I Wonder (Marriage Gone Wild)

“LGBTQ” is a new category for a special set of human beings now. I wonder, should marriage or civil unions be redefined so that each consenting adult “bisexual” (the “B” in “LGBTQ”) is free to have a spouse from each gender? For each partner in a “bisexual marriage” or “civil union” to have a partner from each gender, the union would have to include four people. How “inclusive” are you? Or are so-called “bisexuals” second-class citizens in terms of marriage rights? Why should “L”s and “G”s get to marry as they please and as they “love”, but not “B”s?

In our last election, many Minnesota, Washington, Maine and Maryland voters thought they were voting for “the freedom to marry.” May I ask, who’s freedom to marry? Should consenting adult “B”s have the same right and freedom to marry as they see fit as “H”s (heterosexuals, which may include bigamists and polygamists) and, in several states, “L”s and “G”s do?

I wonder, should same-sex triples or quadruples (consenting adults in love) get the same “freedom” as couples? Can sincere polygamist and polyamoristst adults in love get “marriage equality?” How about people who are already legally married but are sincerely in love with someone else who wants to marry them? Why use the law to force them to get a divorce first? Can we let churches do their own thing(s) but use an “anything goes” ethic for the rest of society? Can we legally restrict some people’s freedom to marry but not others? How and why?

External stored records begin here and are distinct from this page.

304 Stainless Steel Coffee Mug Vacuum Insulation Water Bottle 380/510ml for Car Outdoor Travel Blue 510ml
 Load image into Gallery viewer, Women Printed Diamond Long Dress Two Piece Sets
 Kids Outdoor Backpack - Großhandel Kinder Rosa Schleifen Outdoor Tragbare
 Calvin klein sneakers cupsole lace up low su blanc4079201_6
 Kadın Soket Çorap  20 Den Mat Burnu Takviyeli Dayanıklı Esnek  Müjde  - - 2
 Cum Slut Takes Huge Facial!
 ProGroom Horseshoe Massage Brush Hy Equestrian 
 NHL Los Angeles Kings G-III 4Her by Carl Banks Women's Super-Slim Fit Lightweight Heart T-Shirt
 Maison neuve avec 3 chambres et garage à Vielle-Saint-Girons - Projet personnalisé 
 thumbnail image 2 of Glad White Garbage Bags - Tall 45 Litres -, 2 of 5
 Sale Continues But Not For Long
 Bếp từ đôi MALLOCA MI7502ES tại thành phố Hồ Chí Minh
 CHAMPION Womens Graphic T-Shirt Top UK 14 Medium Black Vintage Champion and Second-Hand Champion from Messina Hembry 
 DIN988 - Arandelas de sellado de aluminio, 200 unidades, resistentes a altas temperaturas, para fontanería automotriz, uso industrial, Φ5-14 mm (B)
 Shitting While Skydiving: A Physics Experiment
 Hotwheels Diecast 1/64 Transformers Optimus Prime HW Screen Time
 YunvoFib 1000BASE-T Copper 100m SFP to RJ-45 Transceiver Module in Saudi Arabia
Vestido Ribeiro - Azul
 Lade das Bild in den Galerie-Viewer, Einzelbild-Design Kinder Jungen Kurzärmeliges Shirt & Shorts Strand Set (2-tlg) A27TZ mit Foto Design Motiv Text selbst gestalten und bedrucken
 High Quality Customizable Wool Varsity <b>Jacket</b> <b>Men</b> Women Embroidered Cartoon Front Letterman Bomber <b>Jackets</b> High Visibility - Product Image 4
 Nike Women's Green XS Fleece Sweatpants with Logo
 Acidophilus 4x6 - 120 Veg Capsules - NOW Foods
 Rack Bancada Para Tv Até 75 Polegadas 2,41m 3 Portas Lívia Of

Do we really want all consenting adults who love each other to be free to re-define marriage as they prefer and change society’s laws to suit their preferences? Should the age-old specific qualities of motherhood and fatherhood be minimized or devalued by redefining “marriage” in ways that displace either one or replace them both with “whateverhood”? After all, kids just need “love,” right?

The words “bride” and “groom” (along with “husband” and “wife”) are already being cleansed from some state marriage and divorce certificates. “Bride” and “groom” are being replaced with “Spouse A” and “Spouse B” or “Person A” and “Person B.” These cold impersonal changes cost tax-payer money. Look for furious fights over who gets to be “A” and who has to lower themselves to be “B”. Of course, how can we deny the marriage rights and liberties of “Spouse C”, “Spouse D”, and “Spouse E”?

I wonder, do kids need us to do our best to enable as many of them as possible (barring tragedies) to have a mom and a dad in the home? Or is “whateverhood” just as good as motherhood and fatherhood working together? Do we not at some point need a moral standard for marriage on behalf of our children and our future as a society?

I’m glad you asked. Jesus clearly gave us that standard:

    From the beginning the Creator ‘made them male and female,’ and said, ‘For this reason a man will leave his father and mother and be united to his wife, and the two will become one flesh’? So they are no longer two, but one. Therefore what God has joined together, let man not separate. (Matthew 19:4-6, including quotes from Genesis 1:27 and 2:24).

So, “from the beginning,” God intended for marriage to involve the following:

  • Male and female…
  • Leave father and mother…
  • Two become one…
  • God does the joining.
  • Man should not mess with this sacred joining of one man and one woman.

We humans have not always lived up to God’s standard. But that’s no excuse for throwing it away. Whatever the media, Democrats, Republicans and Libertarians do now, I will simply continue to advocate for the integrity of marriage, motherhood and fatherhood in the interest of our children’s future. I stand with Jesus. If that makes me a “bigot” in your eyes, then you need your eyes checked… and your heart.